1) Missouri 36, Kansas 28, Nov. 24, 2007

There was no mystery here. The biggest game in program history (at least for a week) was and remains the biggest win in program history. Missouri entered the week 10-1 and ranked fourth in the country. Kansas was 11-0 and ranked No. 2. The winner would be in line to play Oklahoma in the Big 12 Championship two weeks later with a spot in the national title game on the line.

Missouri raced out to a 21-0 lead early in the third quarter behind two Chase Daniel touchdown passes and a scoring run from Jimmy Jackson. The teams then traded touchdowns leaving Mizzou up 28-7 and just 15 minutes away from the first conference championship game appearance in school history.

That's when the Jayhwks finally made things a little bit interesting. KU would score touchdowns on its next three possessions while holding Missouri to field goals to close the gap to 34-28 with 2:03 to go. But Tommy Saunders covered an onside kick attempt and Missouri was able to run all but 17 seconds off the clock. Kansas got it back with one last gasp needing a miracle to win the game. The prayer went unanswered as Lorenzo Williams led a charge of Tigers to sack Todd Reesing for a safety with 12 seconds left that provided the final points in the 36-28 win.

Chase Daniel posted the signature performance of his Heisman finalist season going 40-for-49 for 361 yards and three touchdowns in likely the best big game performance in school history. Danario Alexander had 117 yards receiving and Tony Temple provided balance with 98 on the ground as Missouri laid claim to the division title. The Tigers would enter the Big 12 Championship as the No. 1 team in America, but would fall to Oklahoma and head to the Cotton Bowl to end their season with a 12th win.

Other games of note

I covered the kicked ball game as a student in 1997 (was actually standing right behind the north end zone watching the kick and catch unfold). I also saw Devin West run for a school record 319 yards against Kansas in 1998 and ended that season with the Tigers at the Insight Bowl against West Virginia, the program's first bowl victory since the 1981 Tangerine Bowl. A loss to Michael Bishop and Kansas State in that same season was also one of the better ones I've ever seen in person.

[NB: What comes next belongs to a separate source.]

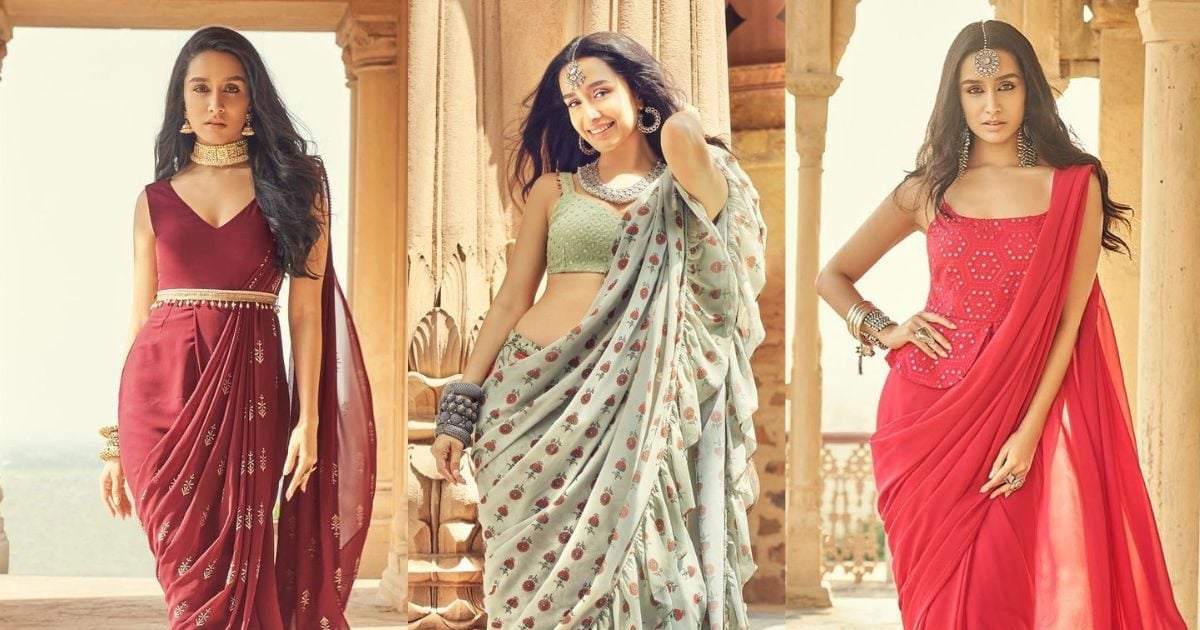 Take inspiration from actress Shraddha Kapoor's saree collection, you too will look stylish in every occasion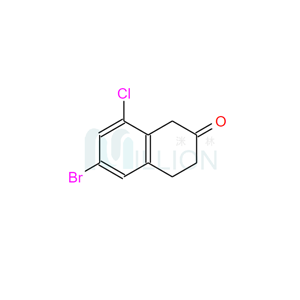 6-溴-8-氯-3,4-二氫萘-2(1H) -酮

Since returning in 2003, other games I considered but didn't include were a 41-40 overtime win over Middle Tennessee that Pinkel often referenced as a turning point for his program, the Moe Miracle against San Diego State in 2010, the wins over Nebraska and Illinois in 2007 and Maty Mauk's debut as a starter against Florida in 2013. There was also the 2005 Independence Bowl comeback against South Carolina, but I did not cover that game in person. Ultimately I went with the ten listed above.